English historian and schoolteacher

Ruth Bird (26 May 1899 — 24 January 1987) was an English historian and schoolteacher.

Born in London, Bird performed exceptionally well during her education, and received a master's degree in history at Bedford College, London in 1922, becoming the first person to earn a distinction in the subject. From 1923 until her retirement, Bird was a schoolteacher, a profession she excelled at, remembered as a "inspirational and enthusiastic" teacher. Bird also engaged in some historical scholarship. She composed a history of London guilds during the reign of Richard II and edited the journal of Giles Moore, clergyman of Horsted Keynes; this town was the subject of much of her study after retirement. Bird died in 1987 and was buried in Horsted Keynes. She was memorialised by those who knew her as a "devout and faithful" Christian and "perhaps the greatest [teacher] I ever met".

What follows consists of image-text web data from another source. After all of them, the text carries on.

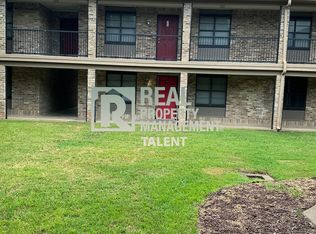 1214 Baylor Ave APT 104, Waco, TX 76706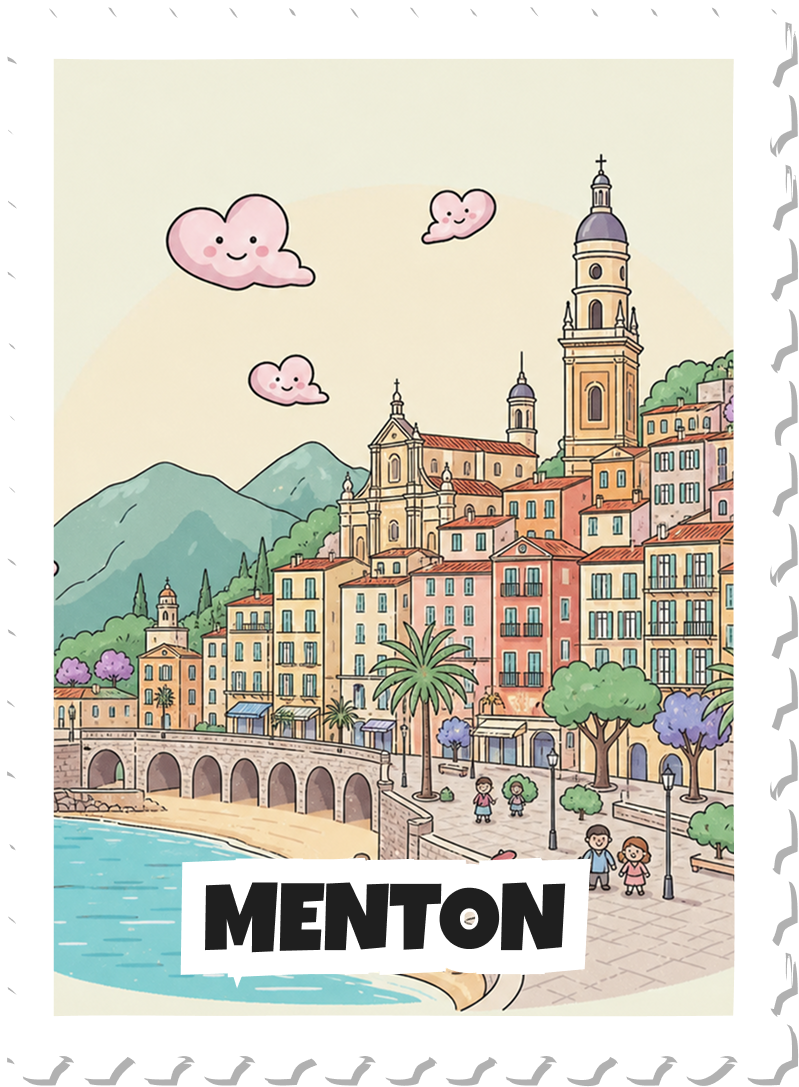 Menton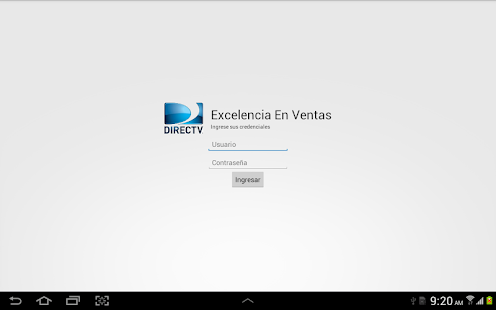 How to mod Zak 1.0.2 apk for bluestacks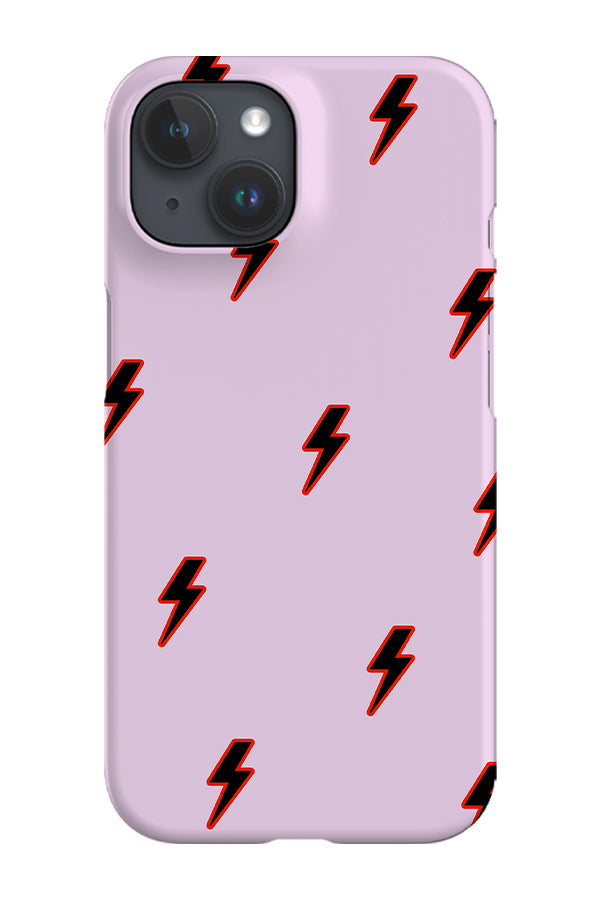 BowieBolt-Lilac.jpg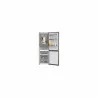 Dreame Fridge-freezer DRB400WMBDEU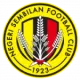 Negeri Sembilan U21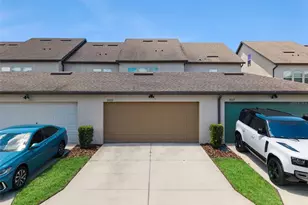 5029 Walker St, Saint Cloud, FL 34771 - Photo 32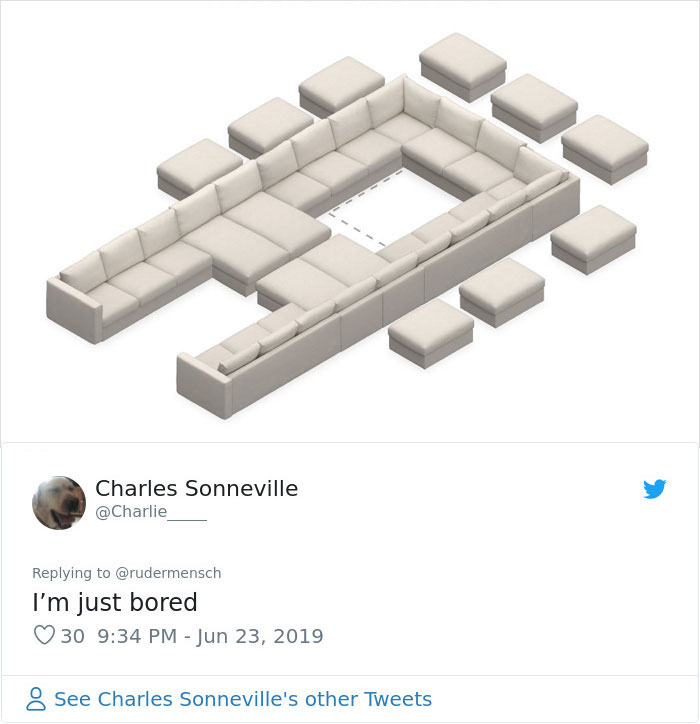 IKEA-Planning-Tool-Building-Couch-Option-Responses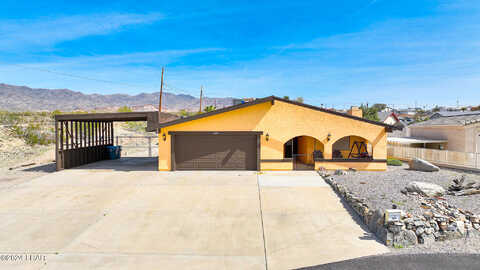 Madera, LAKE HAVASU CITY, AZ 86404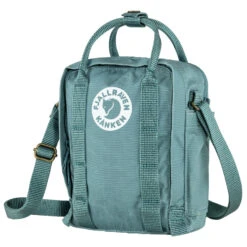 FJÄLLRÄVEN Tree-Kånken Sling 2,5 - Shoulder Bag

==Early life and education==
Bird was born on 26 May 1899 to George Bird (1863–1912), entrepreneur and engineer, and his wife, Theresa Mary (1867–1953), at their home on 62 St Quintin Avenue, Kensington, London. On her paternal side, Bird was descended from a well-off, 19th-century merchant background, but, after George Bird's death in 1912, the family found themselves in some financial difficulty. Bird entered the boarding school of Elstree Grange in Eastbourne in 1909, where she performed exceptionally well in exams.

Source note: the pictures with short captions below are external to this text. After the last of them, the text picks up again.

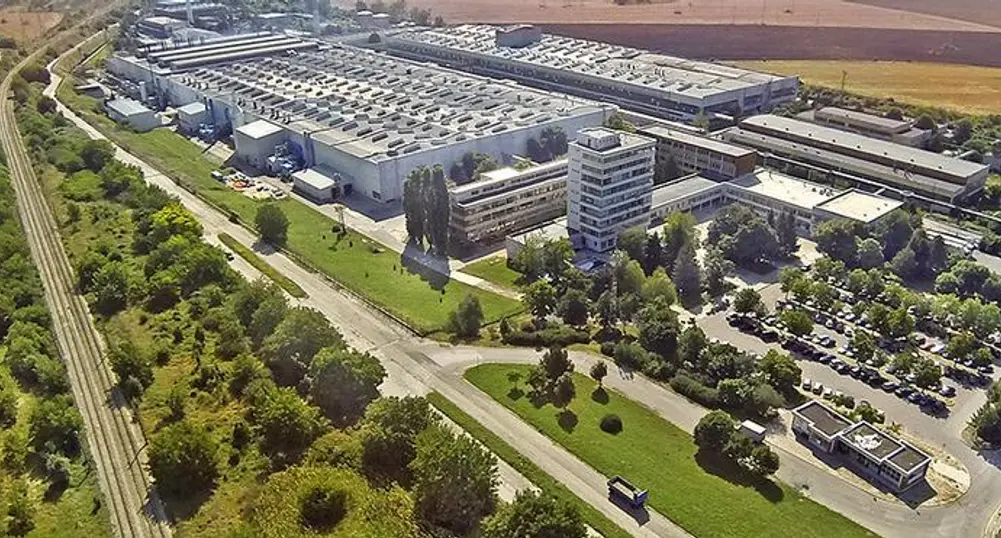 Алкомет с печалба от над 1 млн. лв. за три месеца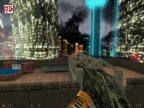 ARENA440
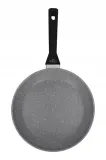 patelnia-20cm-practi-plus-zwieger-linia-practi-plus
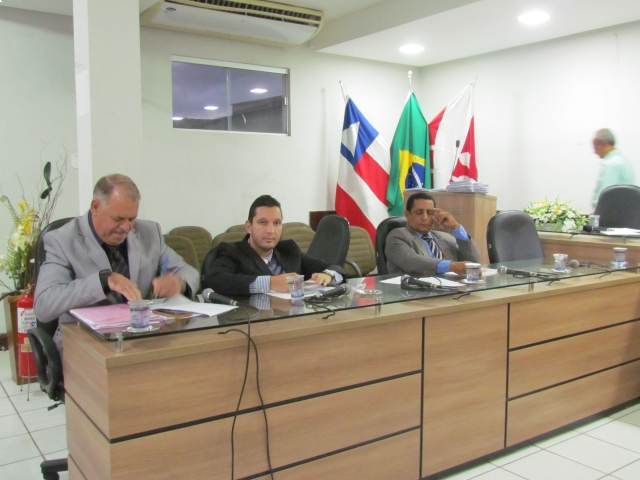 ../foto_galeria/98/894fbcff26858c0e7d596efae01d9646.jpg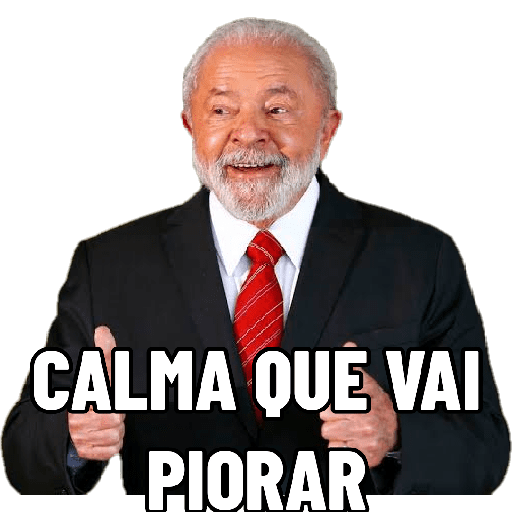Kkkkkk 1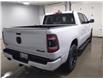 2022 RAM 1500 Sport (Stk: 2512D) in Belleville - Image 4 of 12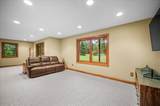 9680 96th Avenue - Photo 31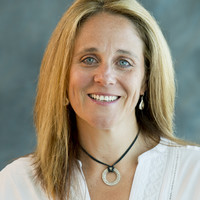 Michelle Ewing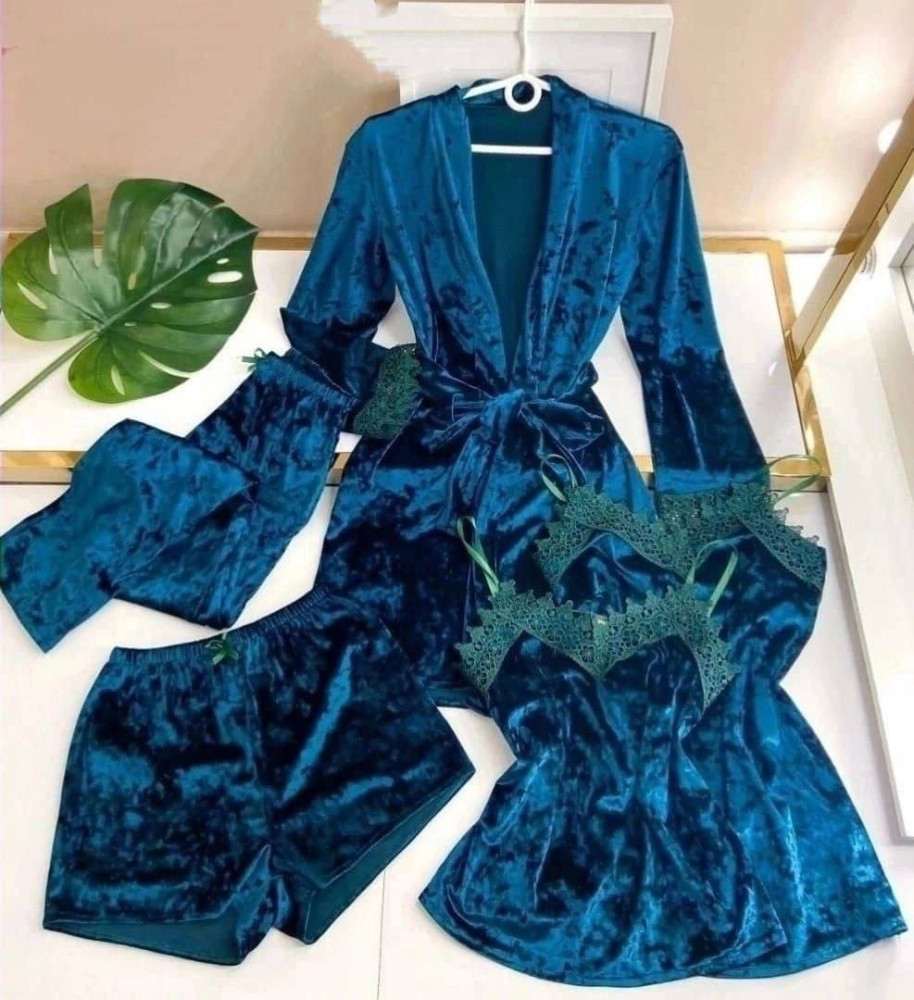 пижама темно-синяя купить в Интернет-магазине Садовод База - цена 1500 руб Садовод интернет-каталог
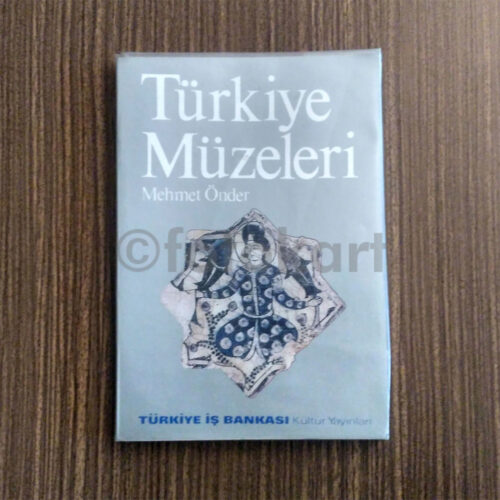 Türkiye Müzeleri
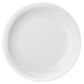 Prato_Raso_Protel_de_Porcelana_Schmidt_26_cm_63070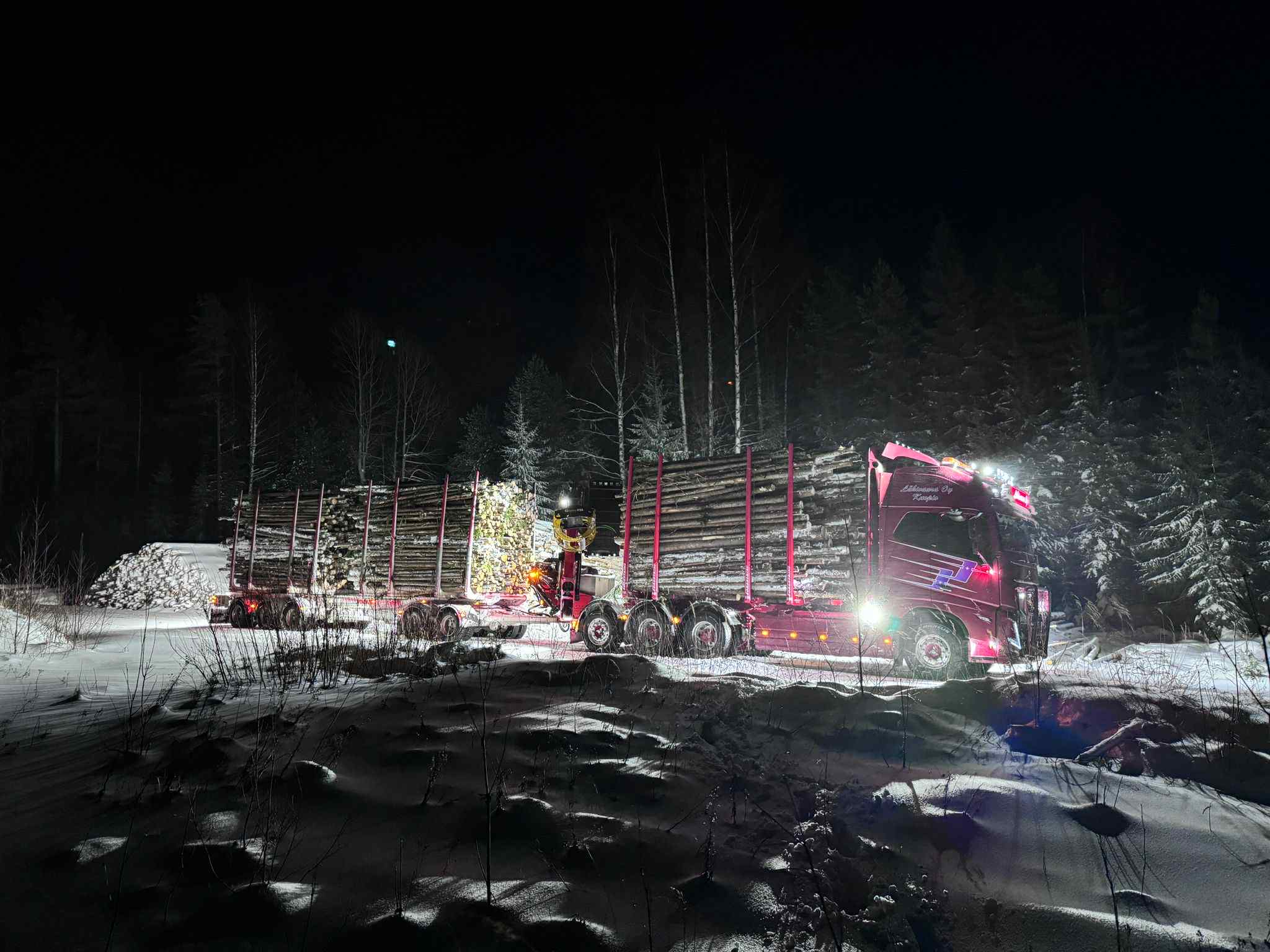 9916e3b4-d405-4f72-9fe6-2c175fc8e622 Kari Lähivaara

Bird left Elstree in 1917 to attend Bedford College, London, where she remained until 1922. She took her BA examinations in 1920, where she was the only historian to receive first-class honours. In May 1921, she was awarded the inaugural grant of the Amy Lady Tate scholarship. This covered her tuition fees and awarded her use of Institute of Historical Research while she studied at Belford, under the supervision of Jeffries Davis and J. W. Allen. She was awarded her master's degree in December 1922, the ninth history master's the college had granted, and its first distinction. Her master's thesis was entitled "Civic factions in London and their relation to political parties, 1376–1399"

==Teaching career==
In 1923, after leaving Belford, Bird began teaching at Truro High School, Cornwall; in 1926, she left for Wyggeston Grammar School for Girls, Leicester, where she would remain until her retirement in 1959. She became a senior mistress of the school, though during her 33 year tenure she chose to obtain no teaching qualifications. She was remembered as a remarkable teacher. D. Anne Welch, writing for the Oxford Dictionary of National Biography, memorialised her as an educator who "loved her chosen career, and was an inspirational and enthusiastic classroom teacher". Professor Claire Cross, a former pupil and professor emeritus of history at the University of York, described Bird as "perhaps the greatest [teacher] I ever met".

==Scholarship==
Twenty-seven years after its composition, Bird prepared her master's thesis into a book-length publication, having made some revisions at the London School of Economics in 1935–6. The Turbulent London of Richard II (1949) analysed the convoluted shifting of alliances between the guilds of London during the reign of Richard II (r. 1377-99). According to Welch, this publication revealed "deep political and personal complexities, which have precluded any subsequent simplistic assessment of the situation". The monograph was published with an introduction from prominent English historian James Tait, who had died four years before its publication.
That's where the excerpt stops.